Puppy-Proofing Your Home

Trust Hardware has been going through some exciting updates lately: we’re now in 3 locations, and that means more puppies for each location! Roscoe does his best to keep the pups in line, but he can’t be everywhere at once. We’ve had to adapt and find ways to keep Stanley, Walt, and Red safe and out of trouble, and we thought we’d share our best tips with you. Here’s some helpful information if you’re trying to pet-proof your home.


  • Keep foods out of reach. Many foods that humans enjoy are toxic to pets. Plus, the packaging can harmful, even if the food itself isn’t.
  • Use childproof latches to keep your pet out of your cabinets.
  • Keep trashcans covered or inside a latched cabinet.
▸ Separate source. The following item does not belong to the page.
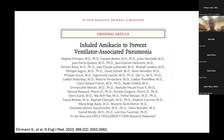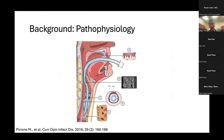Today I'll be covering a journal club on inhaled amikacin to prevent ventilator-associated pneumonia. With ventilator-associated pneumonia, essentially a patient gets intubated with the endotracheal tube, and within our mouth we have oral microorganisms that can get stuck into the endotracheal tube. This can cause the organisms to form biofilms and essentially grow within the endotracheal tube and cause respiratory tract infection.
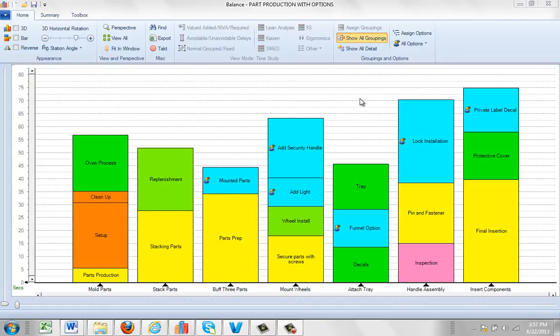You can only produce packages when you have this option selected here, show all groupings.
Bathrooms and Laundry Room

  • Put medications, cleaners, laundry supplies, and any other chemicals on high shelves or in secured cabinets.
  • Keep the toilet lid closed to prevent drowning or drinking of harmful substances.
  • Check for and block any small spaces or nooks that your pet could get stuck in (i.e. inside cabinets and behind washer/dryer units).
  • If you have a kitten, make sure they haven’t jumped into the dryer before you turn it on.
  • Make sure your dog doesn’t chew on towels or stray socks; they may be particularly tempting but can lead to gastrointestinal problems if swallowed.

Living Room

  • Put wires from lamps, TVs, chargers, etc. out of reach.
  • Put away small toys (choking hazards) and knick-knacks or decorations that can be knocked over and broken.
  • Make sure all heating/air vents have covers.
  • Move houseplants out of reach. Beyond causing messes, these can be poisonous to your four-legged friends.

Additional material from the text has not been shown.